Matters of Import: Sega 3D Classics Races Ahead With 3D OutRun
Posted by Kerry Brunskill
Is it a Magical Sound Shower or just a Passing Breeze?
Sega’s 3D Classics range just keeps on going — in Japan, at least — with this latest offering being OutRun, one of the biggest hits of them all. Like Super Hang-On and Space Harrier before it, OutRun used Sega’s impressive Super Scaler arcade tech to wow arcade gamers and deliver some truly unforgettable experiences.
The game was of course incredibly popular, spawning ports of wildly differing quality on everything from the ZX Spectrum to the dubious 3D remake on Playstation 2, which brings us to M2’s problem – what could they possibly add to an iconic game like OutRun that would make it worth buying for people who've already been playing it for nearly three decades?
The answer to that question is 3D OutRun’s “Special” mode — this version’s default experience — that features a carefully selected set of extras to lightly enhance the original rather than add any drastic changes like new routes or gameplay modes.
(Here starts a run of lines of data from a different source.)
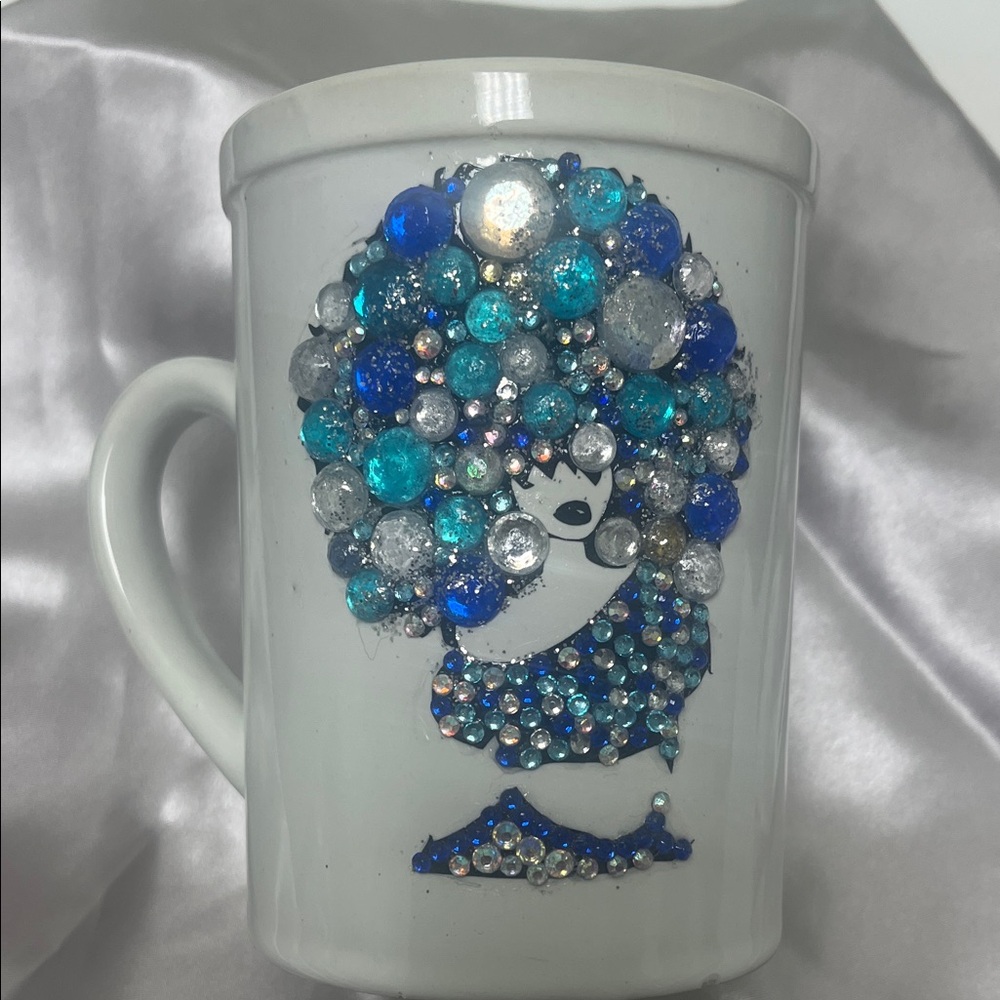 Bling Coffee Mug Blue and Silver
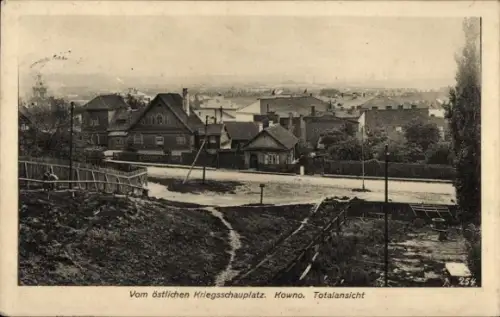 Ak Kaunas Kowno Kauen Litauen, Totale auf den Ort, Kriegsschauplatz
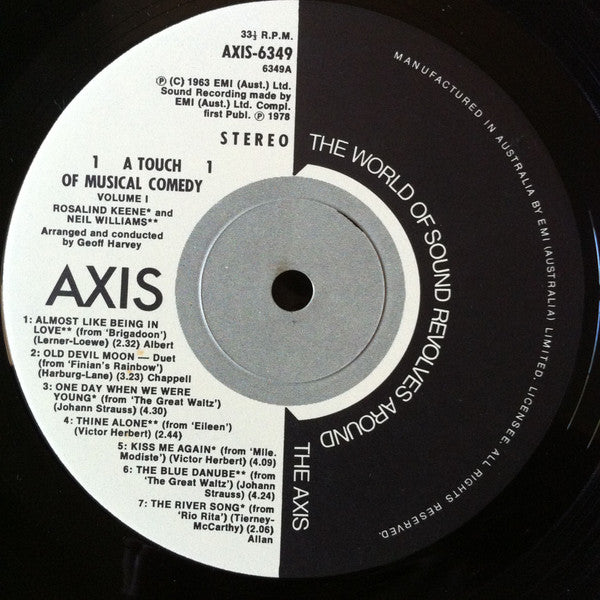 Rosalind Keene And Neil Williams : A Touch Of Musical Comedy Vol.1 (LP, Comp)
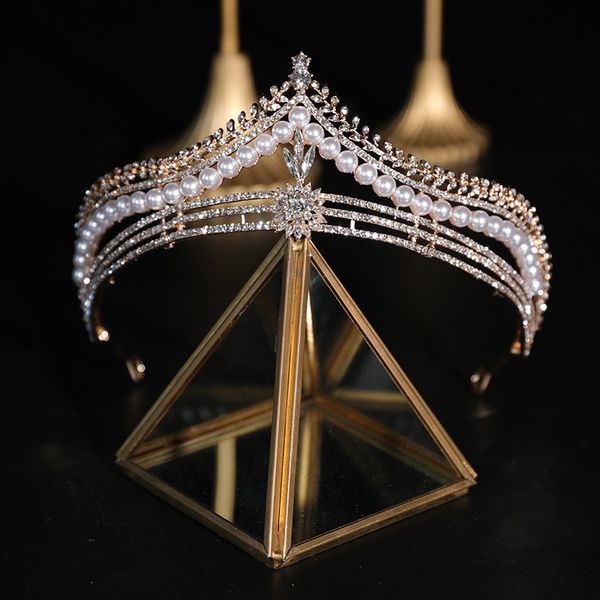 Splendidi copricapo da sposa in perle barocche con strass in oro e corone da sposa con diamanti finti gioielli per capelli reali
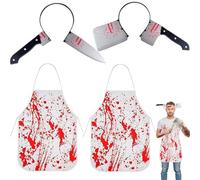 Mrracxy Juego de accesorios para disfraz de terror para mujer, diadema con cuchillo en la cabeza + delantal para carnicero, Halloween, carnaval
The most subtle of these — but arguably the most welcome — is the improved frame rate that allows everything to scroll by twice as smoothly as it does in the arcade original. Of course being the arcade powerhouse that it was, the original wasn't exactly jerky in the first place, but it’s a thoughtful addition that improves upon the original experience.
In contrast the most obvious change has got to be the two new music tracks available exclusively in Special mode that sit alongside the traditional three arcade pieces. Remarkably both Manabu Namiki’s “Cruising Line” as well as Jane Evelyn Nisperos’ (AKA: Chibi-Tech) “Camino a Mi Amor” fit Yu Suzuki’s driving experience like a leather racing glove, as if they'd always been there and we’d simply never noticed before.
It wouldn't be a 3D Classic without some interesting unlockables, and although OutRun’s aren't as drastic as 3D Fantasy Zone’s Upa-Upa mode, they are in keeping with the game’s vision of being a thrilling ride through European-ish countryside. There are five in total; the first four all affect how the car handles and the final reward is the chance to play the original arcade mode, free of Special’s extra bells and whistles and even recreating a timer bug found in the original game. The optional handling “cheats” improve cornering, reduce the effect of hitting traffic or scenery and increase the car’s top speed, while the final one stops the car slowing down when driving off road.
These can all be turned on in any combination the player chooses before the game starts and as every variant has its own car colour and leaderboard, players can try them out without ruining their high scores in the standard car.
The other options and features have become typical for the 3D Classics range, although it’s always worth pointing out that M2’s “standard features” are still far superior to anything offered by anyone else. Both the domestic (Japan) and international versions of the game are included, as well as difficulty and timer options, the ability to turn on authentic cabinet sounds and four different simulated moving arcade cabinets – complete with posters and other Sega arcade games in the background. The suite of tweaks available even extend to altering how loud the engine sound is in game, and whether the speed is displayed in mph or kph.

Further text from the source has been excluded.